È vero, spiegare l’Argentina solo attraverso parametri economici razionali non è possibile. È tutto molto più complicato. All’inizio del ‘900, l’Argentina era uno dei Paesi più ricchi del mondo. Più di Francia e Germania. Si parlava di “miracolo argentino”. Poi, tutto è andato storto: perché? Neppure Simon Kuznets, economista americano e Premio Nobel per l’economia nel 1971, sembrava avere una risposta. Diceva: “Esistono 4 tipi di paesi al mondo: i Paesi sviluppati, i Paesi sottosviluppati, il Giappone, che nessuno sa perché cresca, e l’Argentina, che nessuno sa perché non cresca”. «Mi sembra evidente che, se i governi argentini, l’opinione pubblica argentina, la classe dirigente argentina hanno un atteggiamento così irrazionale verso l’economia, forse il presente va interpretato in termini culturali e non solo strettamente economici».
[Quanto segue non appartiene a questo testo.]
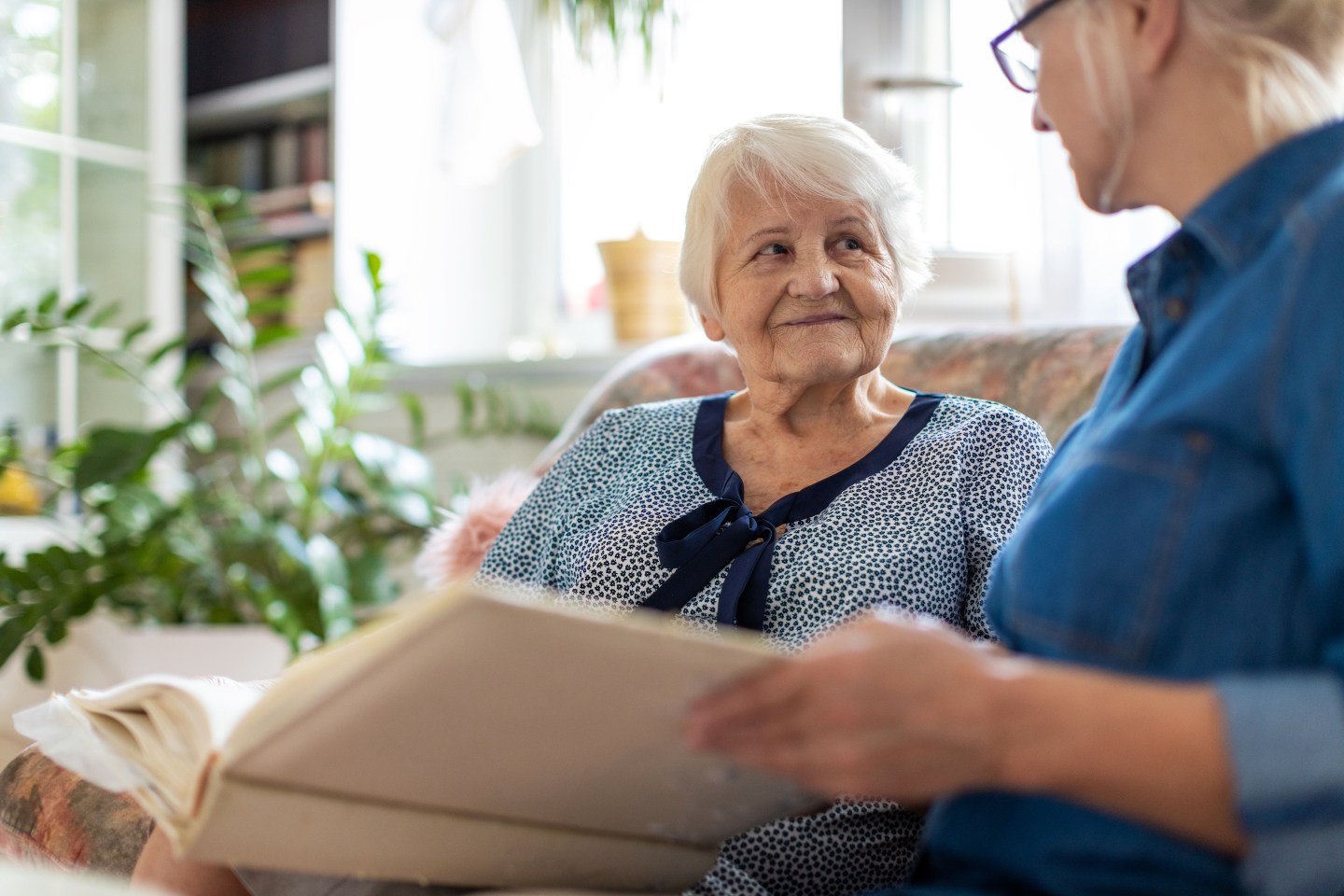 How to negotiate with aging parents who resist support? Borrow these tips from business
E la cultura porta dritto dritto al peronismo. Secondo Loris Zanatta - che ne ha trattato ampiamente in numerose sue pubblicazioni - oggi la visione economica del peronismo è stata innalzata a cultura nazionale. Va ben oltre i confini del partito e va fatta risalire all’antropologia cattolica. «In Argentina c’è un atteggiamento pregiudizialmente ostile al libero commercio, al libero mercato, alla libera impresa. Parole come concorrenza, competitività, produttività sono considerate alla stregua di “bestemmie economiche”. Quasi sfide all’identità nazionale. Ecco perché a partire dal peronismo, si è affermato un modello che fa leva sulla protezione del mercato interno e sul ruolo centrale dello Stato nel governo dell’economia».
Va detto che tutto questo avviene in un mercato interno ridotto dove si sono creati immensi interessi corporativi che è difficilissimo scardinare. «E diciamolo: alla maggior parte degli industriali argentini, salvo eccezioni che ci sono, il mercato protetto va molto bene». E pensare che, secondo Peron, l’Argentina sarebbe dovuta diventare un Paese di 100 milioni di abitanti. Oggi supera a fatica i 47 milioni…
Tra le nuove generazioni però qualcosa sta cambiando. Cresce l’insofferenza verso la mitologia antiliberale, anticapitalista del peronismo. Anche perché i risultati sono devastanti e sono sotto gli occhi di tutti. Un personaggio, in particolare, è da tenere sott’occhio, Javier Milei. Classe ’70, politico, economista, scrittore, conduttore radiofonico, si sta imponendo come rappresentante del liberalismo argentino e gode di un ampio consenso. «Più che un liberale classico, lo definirei un anarco capitalista» spiega Zanatta. «Ma nella sua proposta politica si annida un pericolo. Sfruttando la grande insofferenza degli argentini per lo Stato clientelare, inefficiente, che succhia risorse, inibisce lo sviluppo, rischia di ottenere l’esatto opposto. Passare dal paternalismo cattolico del peronismo ad una via anarcocapitalista. Ma non è la soluzione per una Argentina che ha bisogno come il pane di uno Stato più piccolo, efficiente e trasparente. Non può passare da “Tutto Stato” a “Niente Stato”». Sarebbe l’ennesimo - e forse non ultimo - paradosso argentino.